Return all of the data exactly, with nothing left out but the pictures.

### Provided material
------

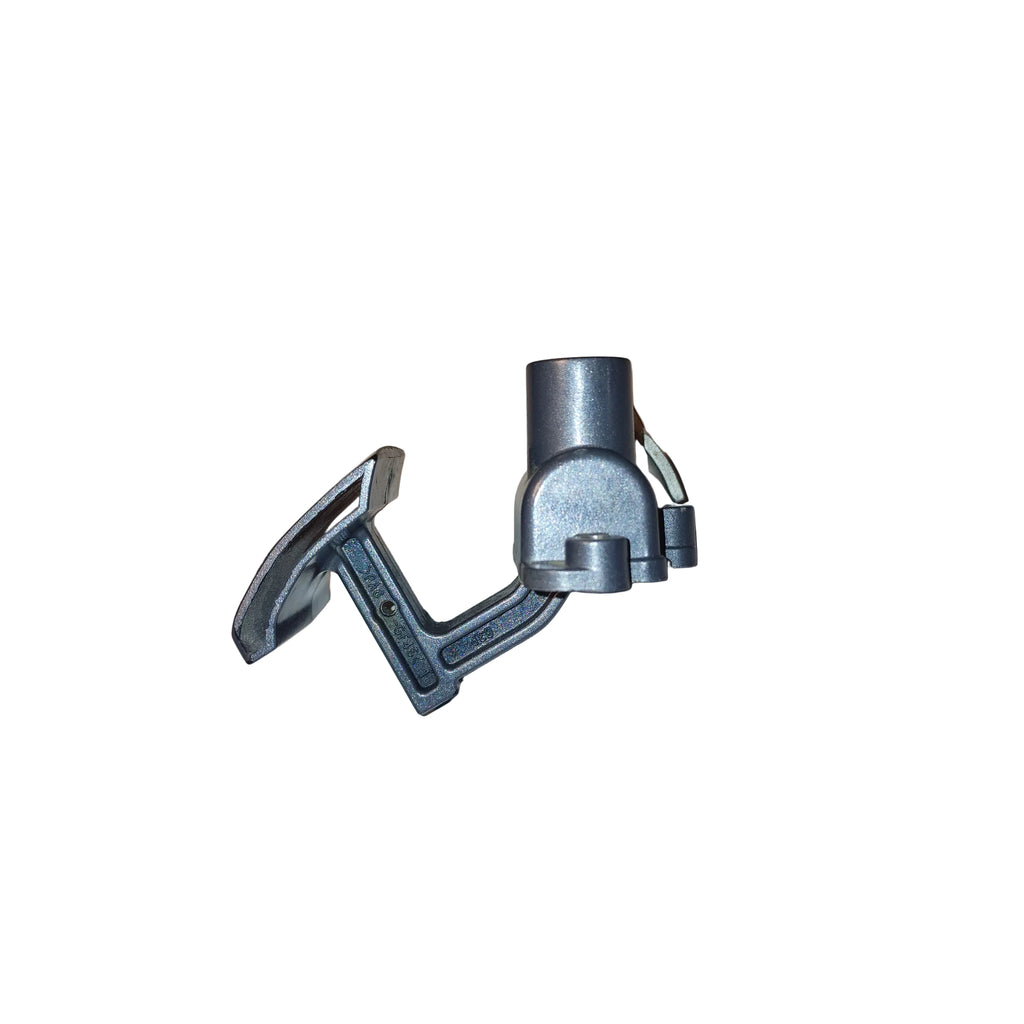 Låsemekanisme motorkappe / Cowling Clamp Assembly – 63P-42815-00-8D – Yamaha F150AETX 2006 – 1046727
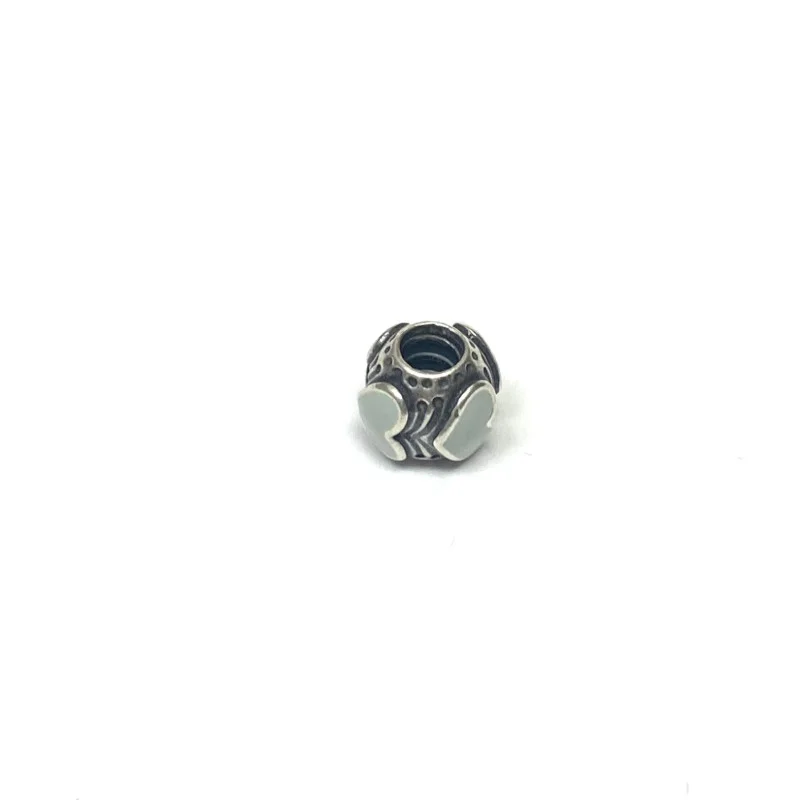 Pandora Silver Enamel Light Grey Hearts Bead 790591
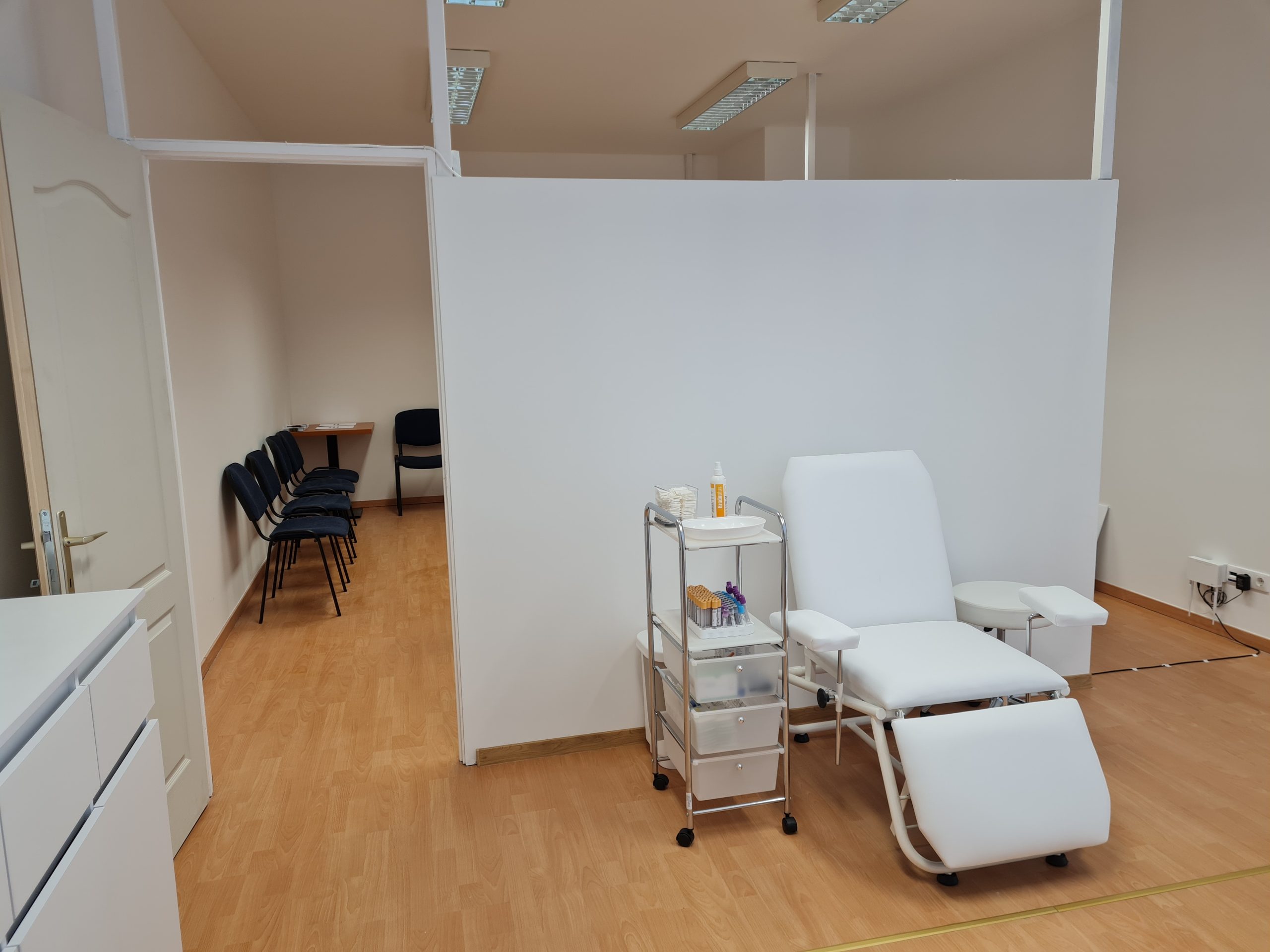 AZ-LAB vérvételi szoba 1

------

### Solution to the exercise
 Låsemekanisme motorkappe / Cowling Clamp Assembly – 63P-42815-00-8D – Yamaha F150AETX 2006 – 1046727
 Pandora Silver Enamel Light Grey Hearts Bead 790591
 AZ-LAB vérvételi szoba 1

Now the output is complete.